Recently I was working with a CSV file which contained both Windows and Unix line endings which was making it difficult to work with.
The actual line endings were HEX ‘0A0D’ i.e. Windows line breaks but there were also HEX ‘OA’ i.e. Unix line breaks within one of the columns.
I wanted to get rid of the Unix line breaks and discovered that you can do HEX sequence replacement using the GNU version of sed – unfortunately the Mac ships with the BSD version which doesn’t have this functionaltiy.
The first step was therefore to install the GNU version of sed.
brew install coreutils brew install gnu-sed --with-default-names
I wanted to replace my system sed so that’s why I went with the ‘–with-default-names’ flag – without that flag I believe the sed installation would be accessible as ‘gs-sed’.
The following is an example of what the lines in the file look like:
$ echo -e "Hello\x0AMark\x0A\x0D" Hello Mark
We want to get rid of the new line in between ‘Hello’ and ‘Mark’ but leave the other one be. I adapted one of the commands from this tutorial to look for lines which end in ‘0A’ where that isn’t followed by a ‘0D’:
$ echo -e "Hello\x0AMark\x0A\x0D" | \ sed 'N;/\x0A[^\x0D]/s/\n/ /' Hello Mark
Let’s go through the parts of the sed command:
- N – this creates a multiline pattern space by reading a new line of input and appending it to the contents of the pattern space. The two lines are separated by a new line.

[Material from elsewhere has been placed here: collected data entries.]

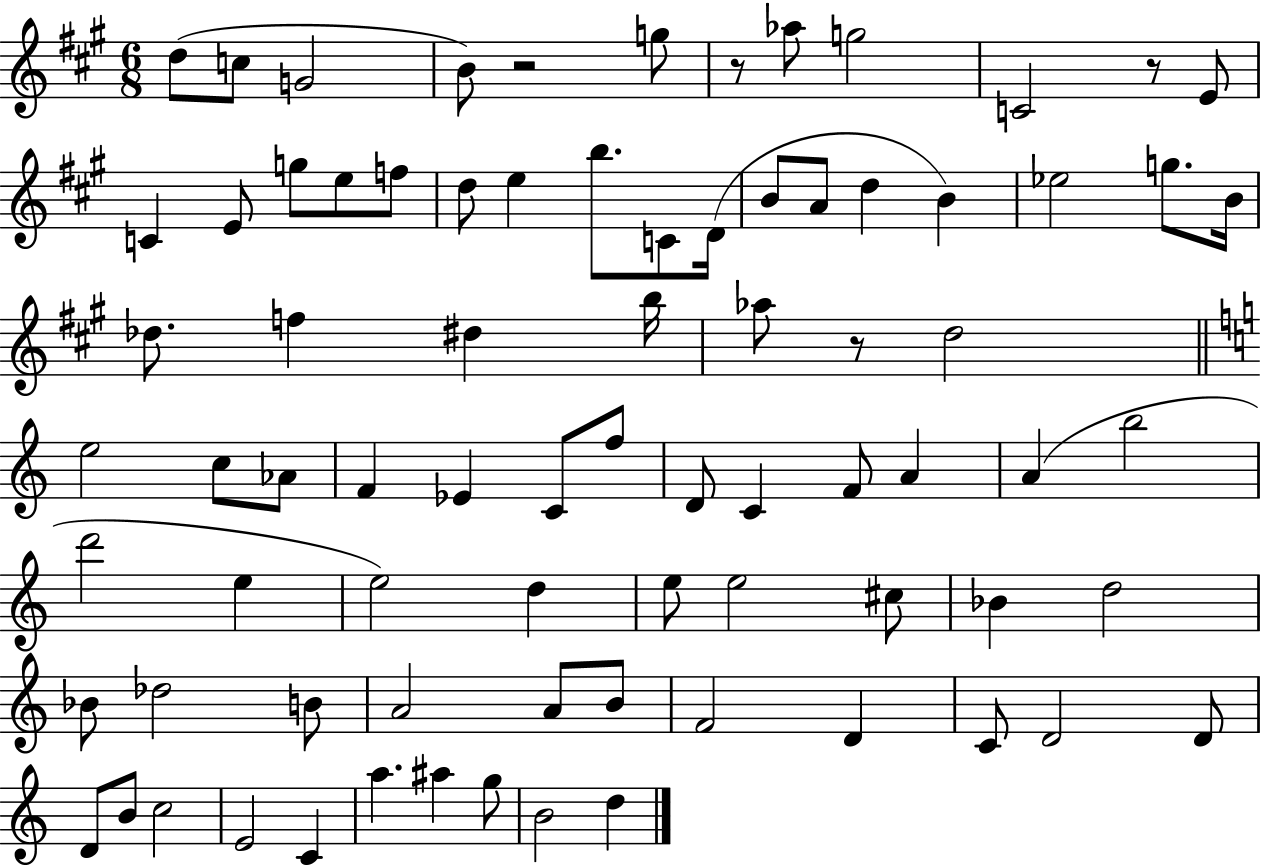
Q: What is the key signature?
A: A major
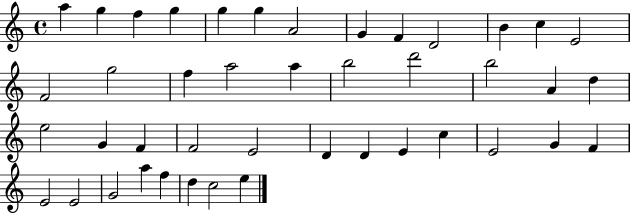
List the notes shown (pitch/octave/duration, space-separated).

A5/q G5/q F5/q G5/q G5/q G5/q A4/h G4/q F4/q D4/h B4/q C5/q E4/h F4/h G5/h F5/q A5/h A5/q B5/h D6/h B5/h A4/q D5/q E5/h G4/q F4/q F4/h E4/h D4/q D4/q E4/q C5/q E4/h G4/q F4/q E4/h E4/h G4/h A5/q F5/q D5/q C5/h E5/q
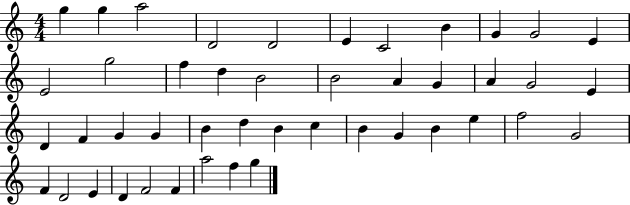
{
  \clef treble
  \numericTimeSignature
  \time 4/4
  \key c \major
  g''4 g''4 a''2 | d'2 d'2 | e'4 c'2 b'4 | g'4 g'2 e'4 | \break e'2 g''2 | f''4 d''4 b'2 | b'2 a'4 g'4 | a'4 g'2 e'4 | \break d'4 f'4 g'4 g'4 | b'4 d''4 b'4 c''4 | b'4 g'4 b'4 e''4 | f''2 g'2 | \break f'4 d'2 e'4 | d'4 f'2 f'4 | a''2 f''4 g''4 | \bar "|."
}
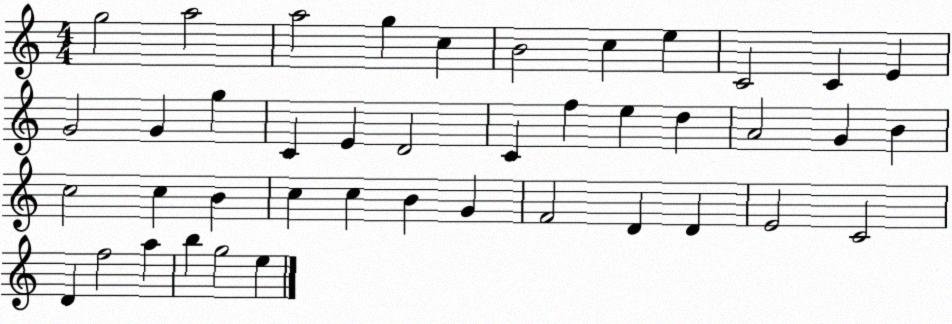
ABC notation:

X:1
T:Untitled
M:4/4
L:1/4
K:C
g2 a2 a2 g c B2 c e C2 C E G2 G g C E D2 C f e d A2 G B c2 c B c c B G F2 D D E2 C2 D f2 a b g2 e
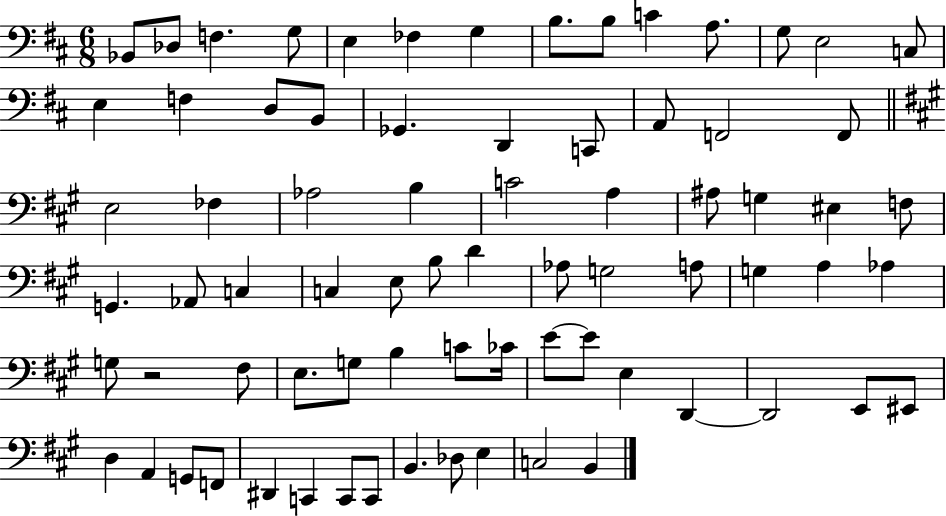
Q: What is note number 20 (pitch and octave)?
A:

- /\x0A[^\x0D]/ – this matches any lines which contain ‘OA’ not followed by ‘OD’
- /s/\n/ / – this substitutes the new line character with a space for those matching lines from the previous command.
Now let’s check it works if we have multiple lines that we want to squash:
$ echo -e "Hello\x0AMark\x0A\x0DHello\x0AMichael\x0A\x0D" Hello Mark Hello Michael $ echo -e "Hello\x0AMark\x0A\x0DHello\x0AMichael\x0A\x0D" | \ sed 'N;/\x0A[^\x0D]/s/\n/ /' Hello Mark Hello Michael
Looks good! The actual file is a bit more nuanced so I’ve still got a bit more work to do but this is a good start.